**WORK TO COMPLETE:** Return the lines exactly as they stand, from the first of the material through the line containing "Taxidermy Art Doll Goat".

**DATA LISTING:**
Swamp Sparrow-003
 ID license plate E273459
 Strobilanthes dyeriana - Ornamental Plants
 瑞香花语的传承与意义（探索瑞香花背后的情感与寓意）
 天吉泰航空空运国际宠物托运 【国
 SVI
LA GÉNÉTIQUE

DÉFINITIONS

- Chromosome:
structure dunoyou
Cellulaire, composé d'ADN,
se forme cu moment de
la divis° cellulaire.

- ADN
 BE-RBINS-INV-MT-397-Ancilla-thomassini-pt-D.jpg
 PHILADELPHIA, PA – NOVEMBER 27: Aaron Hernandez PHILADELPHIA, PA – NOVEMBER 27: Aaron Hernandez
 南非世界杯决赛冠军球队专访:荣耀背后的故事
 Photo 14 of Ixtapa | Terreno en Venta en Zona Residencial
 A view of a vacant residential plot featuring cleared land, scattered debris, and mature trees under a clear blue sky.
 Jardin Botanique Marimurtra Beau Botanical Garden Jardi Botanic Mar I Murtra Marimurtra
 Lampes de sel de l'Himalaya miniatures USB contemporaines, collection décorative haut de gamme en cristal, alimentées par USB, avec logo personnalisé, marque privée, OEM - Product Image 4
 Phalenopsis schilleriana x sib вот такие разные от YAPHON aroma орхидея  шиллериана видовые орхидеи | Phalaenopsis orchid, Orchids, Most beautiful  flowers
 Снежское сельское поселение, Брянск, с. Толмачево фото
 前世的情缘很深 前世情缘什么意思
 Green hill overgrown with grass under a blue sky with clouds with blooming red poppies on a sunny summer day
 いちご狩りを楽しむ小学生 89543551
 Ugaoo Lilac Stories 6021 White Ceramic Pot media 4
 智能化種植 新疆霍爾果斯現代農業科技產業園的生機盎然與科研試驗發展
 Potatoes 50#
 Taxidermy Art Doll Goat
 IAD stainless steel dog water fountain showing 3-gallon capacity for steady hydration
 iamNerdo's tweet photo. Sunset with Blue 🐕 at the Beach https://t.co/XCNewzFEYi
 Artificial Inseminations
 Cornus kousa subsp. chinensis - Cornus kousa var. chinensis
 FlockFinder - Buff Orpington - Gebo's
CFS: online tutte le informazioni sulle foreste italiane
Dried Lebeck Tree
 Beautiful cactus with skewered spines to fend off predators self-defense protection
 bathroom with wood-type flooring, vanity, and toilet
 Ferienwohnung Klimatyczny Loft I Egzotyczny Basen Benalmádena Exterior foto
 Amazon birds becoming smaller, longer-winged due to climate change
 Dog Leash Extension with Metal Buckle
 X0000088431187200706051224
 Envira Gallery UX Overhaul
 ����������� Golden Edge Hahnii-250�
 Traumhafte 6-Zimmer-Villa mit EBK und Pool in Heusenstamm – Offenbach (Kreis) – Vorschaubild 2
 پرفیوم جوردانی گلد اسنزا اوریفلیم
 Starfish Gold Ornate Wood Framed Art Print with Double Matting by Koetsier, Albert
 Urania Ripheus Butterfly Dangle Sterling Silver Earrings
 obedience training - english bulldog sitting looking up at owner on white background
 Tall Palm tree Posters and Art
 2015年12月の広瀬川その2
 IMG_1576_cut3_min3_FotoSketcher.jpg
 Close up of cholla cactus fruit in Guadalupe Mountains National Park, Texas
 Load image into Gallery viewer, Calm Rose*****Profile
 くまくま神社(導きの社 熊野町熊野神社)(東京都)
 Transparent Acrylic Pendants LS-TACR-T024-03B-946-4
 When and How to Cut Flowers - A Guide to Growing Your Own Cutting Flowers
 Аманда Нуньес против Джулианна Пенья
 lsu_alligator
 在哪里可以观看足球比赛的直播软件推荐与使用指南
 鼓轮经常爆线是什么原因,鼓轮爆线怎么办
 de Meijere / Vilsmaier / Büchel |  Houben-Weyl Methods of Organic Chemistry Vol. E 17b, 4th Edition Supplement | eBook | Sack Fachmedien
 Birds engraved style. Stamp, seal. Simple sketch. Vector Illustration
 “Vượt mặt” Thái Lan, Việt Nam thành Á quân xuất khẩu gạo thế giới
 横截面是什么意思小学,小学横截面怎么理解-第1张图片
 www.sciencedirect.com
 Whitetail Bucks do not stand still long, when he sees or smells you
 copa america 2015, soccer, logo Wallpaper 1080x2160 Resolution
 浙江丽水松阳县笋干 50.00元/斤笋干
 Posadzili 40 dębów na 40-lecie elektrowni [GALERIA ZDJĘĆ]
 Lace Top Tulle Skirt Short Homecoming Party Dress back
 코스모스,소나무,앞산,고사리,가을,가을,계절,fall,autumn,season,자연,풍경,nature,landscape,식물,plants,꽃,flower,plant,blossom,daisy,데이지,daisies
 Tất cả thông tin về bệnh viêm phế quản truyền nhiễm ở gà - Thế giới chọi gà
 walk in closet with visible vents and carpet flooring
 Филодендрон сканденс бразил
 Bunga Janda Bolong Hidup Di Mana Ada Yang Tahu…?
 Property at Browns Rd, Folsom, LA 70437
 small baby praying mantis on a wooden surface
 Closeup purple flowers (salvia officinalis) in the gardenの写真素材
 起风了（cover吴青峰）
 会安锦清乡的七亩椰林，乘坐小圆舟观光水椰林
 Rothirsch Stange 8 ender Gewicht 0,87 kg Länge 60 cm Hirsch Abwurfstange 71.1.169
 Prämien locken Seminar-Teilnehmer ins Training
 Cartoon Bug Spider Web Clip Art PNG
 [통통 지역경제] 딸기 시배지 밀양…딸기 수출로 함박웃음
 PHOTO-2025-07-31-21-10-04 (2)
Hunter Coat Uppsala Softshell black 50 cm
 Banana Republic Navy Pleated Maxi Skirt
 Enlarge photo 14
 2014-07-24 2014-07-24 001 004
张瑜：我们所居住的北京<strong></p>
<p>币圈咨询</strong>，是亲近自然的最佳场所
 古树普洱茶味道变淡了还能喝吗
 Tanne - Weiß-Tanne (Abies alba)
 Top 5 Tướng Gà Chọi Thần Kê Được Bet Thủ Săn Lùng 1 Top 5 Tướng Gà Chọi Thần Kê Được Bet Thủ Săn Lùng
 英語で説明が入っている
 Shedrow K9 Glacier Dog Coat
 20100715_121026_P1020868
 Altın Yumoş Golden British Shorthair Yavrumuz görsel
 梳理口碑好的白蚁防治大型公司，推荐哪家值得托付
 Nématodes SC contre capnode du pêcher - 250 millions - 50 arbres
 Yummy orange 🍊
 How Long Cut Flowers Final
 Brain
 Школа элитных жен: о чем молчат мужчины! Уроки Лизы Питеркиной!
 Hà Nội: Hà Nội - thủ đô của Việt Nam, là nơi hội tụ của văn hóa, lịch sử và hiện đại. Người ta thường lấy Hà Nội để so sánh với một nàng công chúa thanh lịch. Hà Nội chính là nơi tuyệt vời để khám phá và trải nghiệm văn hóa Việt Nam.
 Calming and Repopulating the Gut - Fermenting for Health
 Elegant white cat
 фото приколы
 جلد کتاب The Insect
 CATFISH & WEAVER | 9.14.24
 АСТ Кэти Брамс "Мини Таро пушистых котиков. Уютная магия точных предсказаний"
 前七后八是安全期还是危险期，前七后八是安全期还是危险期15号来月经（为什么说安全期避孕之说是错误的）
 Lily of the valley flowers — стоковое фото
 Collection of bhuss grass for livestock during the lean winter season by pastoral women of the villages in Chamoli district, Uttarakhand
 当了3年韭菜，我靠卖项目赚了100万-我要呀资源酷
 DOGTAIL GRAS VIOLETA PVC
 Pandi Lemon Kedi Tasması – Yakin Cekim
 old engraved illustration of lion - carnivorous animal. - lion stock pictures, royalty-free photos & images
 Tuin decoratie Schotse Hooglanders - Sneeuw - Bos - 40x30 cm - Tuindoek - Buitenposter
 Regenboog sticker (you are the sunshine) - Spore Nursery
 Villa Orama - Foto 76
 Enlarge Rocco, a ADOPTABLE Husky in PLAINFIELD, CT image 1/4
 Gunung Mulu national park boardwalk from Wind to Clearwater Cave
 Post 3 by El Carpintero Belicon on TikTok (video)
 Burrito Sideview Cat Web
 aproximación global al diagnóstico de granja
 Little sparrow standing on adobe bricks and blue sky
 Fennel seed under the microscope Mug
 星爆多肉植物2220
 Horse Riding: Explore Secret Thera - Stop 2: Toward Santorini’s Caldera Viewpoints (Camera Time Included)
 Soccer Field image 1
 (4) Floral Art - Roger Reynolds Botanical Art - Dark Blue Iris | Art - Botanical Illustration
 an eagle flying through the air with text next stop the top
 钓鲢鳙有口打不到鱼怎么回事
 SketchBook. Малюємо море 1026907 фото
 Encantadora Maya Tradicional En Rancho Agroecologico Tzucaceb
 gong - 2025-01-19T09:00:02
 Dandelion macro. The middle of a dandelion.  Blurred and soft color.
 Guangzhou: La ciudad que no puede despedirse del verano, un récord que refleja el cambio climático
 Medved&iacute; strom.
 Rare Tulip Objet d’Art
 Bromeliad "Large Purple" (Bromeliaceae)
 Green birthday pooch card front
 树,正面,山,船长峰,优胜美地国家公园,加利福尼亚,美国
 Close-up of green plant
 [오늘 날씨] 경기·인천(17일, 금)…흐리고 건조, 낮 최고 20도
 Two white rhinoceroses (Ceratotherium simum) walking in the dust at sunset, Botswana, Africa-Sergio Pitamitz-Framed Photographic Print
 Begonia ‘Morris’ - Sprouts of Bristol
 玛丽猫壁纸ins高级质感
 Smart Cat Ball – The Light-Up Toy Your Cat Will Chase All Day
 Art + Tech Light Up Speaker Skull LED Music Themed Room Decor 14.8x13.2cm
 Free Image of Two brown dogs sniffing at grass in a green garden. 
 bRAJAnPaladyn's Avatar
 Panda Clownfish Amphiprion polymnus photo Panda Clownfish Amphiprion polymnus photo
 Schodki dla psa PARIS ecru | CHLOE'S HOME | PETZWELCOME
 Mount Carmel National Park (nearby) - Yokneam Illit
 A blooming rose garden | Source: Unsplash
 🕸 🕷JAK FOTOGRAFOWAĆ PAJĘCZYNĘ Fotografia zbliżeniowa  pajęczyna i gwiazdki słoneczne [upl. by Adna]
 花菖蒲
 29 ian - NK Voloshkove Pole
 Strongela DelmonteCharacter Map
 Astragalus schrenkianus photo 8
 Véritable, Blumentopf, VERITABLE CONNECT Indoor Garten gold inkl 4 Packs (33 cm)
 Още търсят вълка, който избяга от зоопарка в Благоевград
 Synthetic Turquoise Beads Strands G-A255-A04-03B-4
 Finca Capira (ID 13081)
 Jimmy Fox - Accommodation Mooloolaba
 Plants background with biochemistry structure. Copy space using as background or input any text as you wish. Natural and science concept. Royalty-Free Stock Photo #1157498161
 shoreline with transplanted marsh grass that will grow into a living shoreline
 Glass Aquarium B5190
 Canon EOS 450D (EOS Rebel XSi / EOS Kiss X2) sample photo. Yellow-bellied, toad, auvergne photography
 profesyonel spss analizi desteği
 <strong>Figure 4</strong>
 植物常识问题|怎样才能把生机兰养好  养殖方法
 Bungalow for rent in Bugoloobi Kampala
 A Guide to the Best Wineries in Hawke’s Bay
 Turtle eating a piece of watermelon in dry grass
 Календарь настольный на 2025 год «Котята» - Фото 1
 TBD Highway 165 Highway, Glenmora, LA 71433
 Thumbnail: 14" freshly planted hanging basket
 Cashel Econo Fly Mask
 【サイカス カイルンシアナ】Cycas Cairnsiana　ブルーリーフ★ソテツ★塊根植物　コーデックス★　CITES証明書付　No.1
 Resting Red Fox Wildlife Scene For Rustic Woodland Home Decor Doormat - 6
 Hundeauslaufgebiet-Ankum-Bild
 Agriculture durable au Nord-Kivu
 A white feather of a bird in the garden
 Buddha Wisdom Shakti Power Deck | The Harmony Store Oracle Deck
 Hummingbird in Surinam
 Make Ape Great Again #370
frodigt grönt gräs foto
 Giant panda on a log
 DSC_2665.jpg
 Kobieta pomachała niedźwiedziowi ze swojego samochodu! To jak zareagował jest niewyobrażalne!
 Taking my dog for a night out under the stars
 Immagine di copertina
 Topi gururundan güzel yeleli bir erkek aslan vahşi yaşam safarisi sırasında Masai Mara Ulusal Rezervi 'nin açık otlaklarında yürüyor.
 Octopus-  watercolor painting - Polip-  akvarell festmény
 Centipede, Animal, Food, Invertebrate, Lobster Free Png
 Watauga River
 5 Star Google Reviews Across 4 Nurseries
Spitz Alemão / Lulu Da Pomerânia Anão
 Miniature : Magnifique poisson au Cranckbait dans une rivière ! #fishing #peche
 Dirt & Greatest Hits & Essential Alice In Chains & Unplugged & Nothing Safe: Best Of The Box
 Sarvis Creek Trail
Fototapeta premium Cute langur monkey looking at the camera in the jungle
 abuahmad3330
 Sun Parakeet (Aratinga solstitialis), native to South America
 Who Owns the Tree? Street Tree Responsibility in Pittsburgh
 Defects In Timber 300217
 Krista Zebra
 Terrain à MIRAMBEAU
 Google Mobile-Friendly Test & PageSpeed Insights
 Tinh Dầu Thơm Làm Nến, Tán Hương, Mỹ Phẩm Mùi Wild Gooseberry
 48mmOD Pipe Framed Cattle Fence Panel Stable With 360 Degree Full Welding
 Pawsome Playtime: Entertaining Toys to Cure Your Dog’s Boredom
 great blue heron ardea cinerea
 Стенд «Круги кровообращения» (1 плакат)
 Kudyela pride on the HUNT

**YOUR SOLUTION:**
Swamp Sparrow-003
 ID license plate E273459
 Strobilanthes dyeriana - Ornamental Plants
 瑞香花语的传承与意义（探索瑞香花背后的情感与寓意）
 天吉泰航空空运国际宠物托运 【国
 SVI
LA GÉNÉTIQUE

DÉFINITIONS

- Chromosome:
structure dunoyou
Cellulaire, composé d'ADN,
se forme cu moment de
la divis° cellulaire.

- ADN
 BE-RBINS-INV-MT-397-Ancilla-thomassini-pt-D.jpg
 PHILADELPHIA, PA – NOVEMBER 27: Aaron Hernandez PHILADELPHIA, PA – NOVEMBER 27: Aaron Hernandez
 南非世界杯决赛冠军球队专访:荣耀背后的故事
 Photo 14 of Ixtapa | Terreno en Venta en Zona Residencial
 A view of a vacant residential plot featuring cleared land, scattered debris, and mature trees under a clear blue sky.
 Jardin Botanique Marimurtra Beau Botanical Garden Jardi Botanic Mar I Murtra Marimurtra
 Lampes de sel de l'Himalaya miniatures USB contemporaines, collection décorative haut de gamme en cristal, alimentées par USB, avec logo personnalisé, marque privée, OEM - Product Image 4
 Phalenopsis schilleriana x sib вот такие разные от YAPHON aroma орхидея  шиллериана видовые орхидеи | Phalaenopsis orchid, Orchids, Most beautiful  flowers
 Снежское сельское поселение, Брянск, с. Толмачево фото
 前世的情缘很深 前世情缘什么意思
 Green hill overgrown with grass under a blue sky with clouds with blooming red poppies on a sunny summer day
 いちご狩りを楽しむ小学生 89543551
 Ugaoo Lilac Stories 6021 White Ceramic Pot media 4
 智能化種植 新疆霍爾果斯現代農業科技產業園的生機盎然與科研試驗發展
 Potatoes 50#
 Taxidermy Art Doll Goat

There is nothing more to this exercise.